3. I like the idea of constellations better than the other planets. Constellation gods seem, to me, like they could be pseudo overlords, which would give them a good reason to meddle in the affairs of the "lesser" gods. I would probably base them on real life examples but call them something different. Having a hunter constellation called Orion, for example, would probably stick out in a fantasy story.

4. I think so, it makes sense for the world to have a guardian angel, so to speak. Although, in the hierarchy, I'd have them above the Moon/Sun gods but below the Star ones. Their role could be to watch over the planet, to keep balance on it, to protect the environment...I'm not entirely sure, there's a ton of possibilities.


----------



## Queshire (Jul 21, 2012)

Hrm, just thought I'd mention, the heirarchy would go Sun>Moon>Planets>Stars


----------



## Addison (Jul 21, 2012)

1) I'm not so crazy about the gender stereotypes either. It's your story do what you want. People want something new and different. 

2) That's really up to you. Do you have ideas of planet names, appearance, and their God/Goddess already? If so then go ahead with it. If not then don't. Let it come naturally.

3) I'm with Shangrila about the constellations. 

4) You mean how our Earth has God? How he's only here and then there's Mars with....I forget who. Isn't it the Roman version of Athena or someone? If that's what you mean then yes. As Shangrila said this God would be at the very top of the Hierarchy.


----------



## Shockley (Jul 21, 2012)

There is no real gender stereotype as to what gender the moon/sun divinities are, as far as I'm concerned. While the Greeks/Romans definitely followed the idea of a moon goddess (Selene/Luna) and a sun god (Helios/Sol Invictus), that ceases to hold true outside of that. Note that, for my definitions, I'm using the term to apply only to the physical aspect of the sun/moon, and not gods associated with the moon/sun (which is why, for instance, I didn't mention Apollo or Artemis in the above break-down).

 The Egyptians saw the moon as a male god, Iah. The sun was Ra/Horus/Amun/Amun-Ra/Ra-Horakhty/etc., all male. The Japanese had a sun goddess (Amaterasu) and a moon god (Tsukoyomi).

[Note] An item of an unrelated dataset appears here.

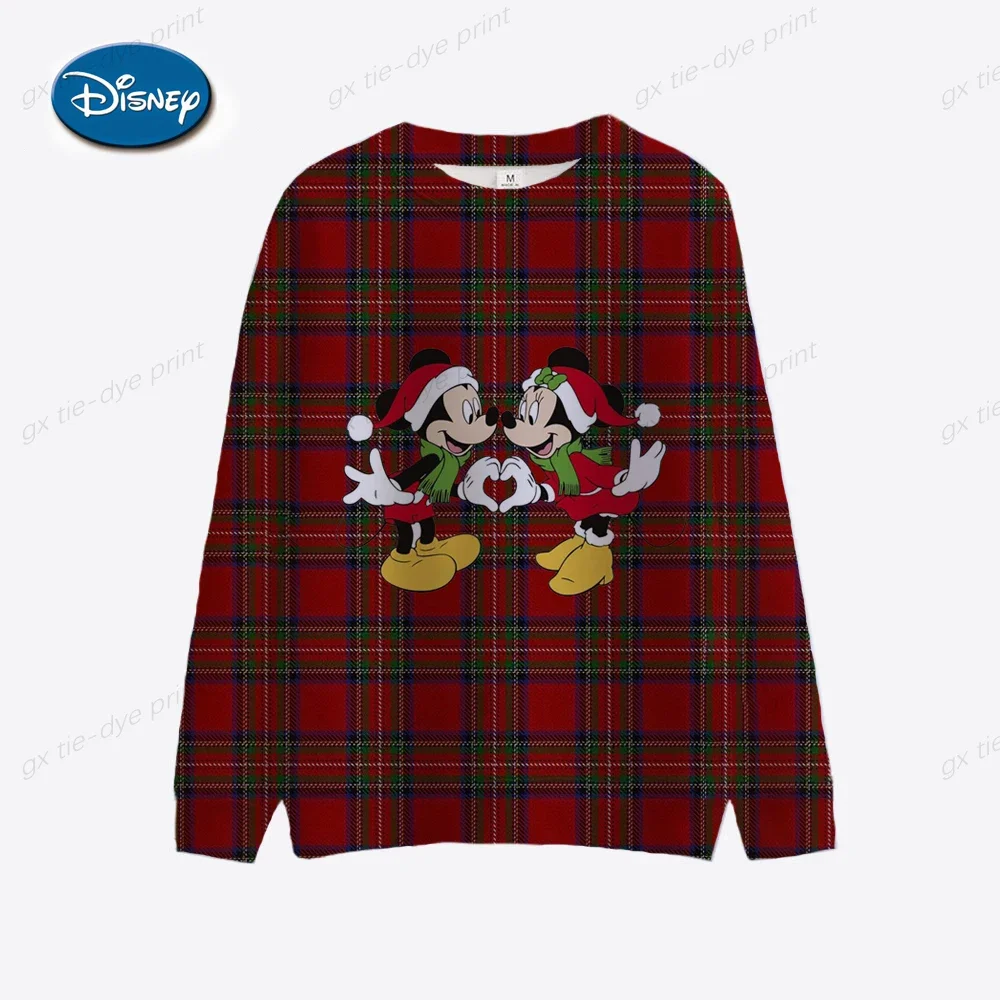 Disney 2024 Autumn New Fashion Casual Cartoon Mickey Mouse and Minnie Christmas Print Slim O Neck Long Sleeve Holiday Sweatshirt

 Make it your own thing, and don't worry about traditions or even breaking said traditions.


----------



## shangrila (Jul 22, 2012)

Queshire said:


> Hrm, just thought I'd mention, the heirarchy would go Sun>Moon>Planets>Stars


Is there a reason for this? It seems like a weird ordering


----------



## Saigonnus (Jul 22, 2012)

Just a thought, having an array of moons instead of just one could allow you more gods/goddesses. I also agree with Shangrila with the order; seems a bit off to me. "the sun is the prime god/goddess, the planets his/her royal court, the moon(s) are servants and the stars beyond are merely spectators to the feast."


----------



## Queshire (Jul 22, 2012)

Order from most unique to most common, there's 1 sun, 1 moon, a handful of planets, and a bunch of stars. 'Course it doesn't help that this idea is inspired by MLP where there's a sun princess and a moon princess.


----------



## ThinkerX (Jul 22, 2012)

As part of the basic world building bit - and in keeping with ye olde time mythology - I included some celestial bodies.

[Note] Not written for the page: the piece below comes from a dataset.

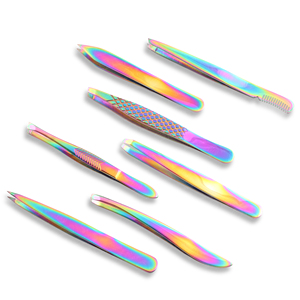 Pince à épiler professionnelle rose pour greffe de cils, en acier inoxydable biseauté, haute précision, ensemble complet d'outils pour extensions de cils - Product Image 4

My 'second world' boasts two moons, commonly thought of as 'brother' and 'sister'.  Some cultures see the brother as evil and the sister as good.

Another object in the same system as the second world is a large ringed gas giant - the next world out.  Because of the  inclination of its axis, it sometimes appears to resemble a distant 'eye', and that is exactly how it is thought of mythologically - the eye of a distant God, watching from afar.

A third object in that system is a much smaller gas giant, orbiting well past the Eye.  The sky watchers know it is a planet because of its movement, but it is on the faint side, not bright at all.  Mythologically, it is associated with dark secrets.

-----

The main world in the main solar system boasts only a single large moon, much like earth.  Some cultures identify it as male, others as female.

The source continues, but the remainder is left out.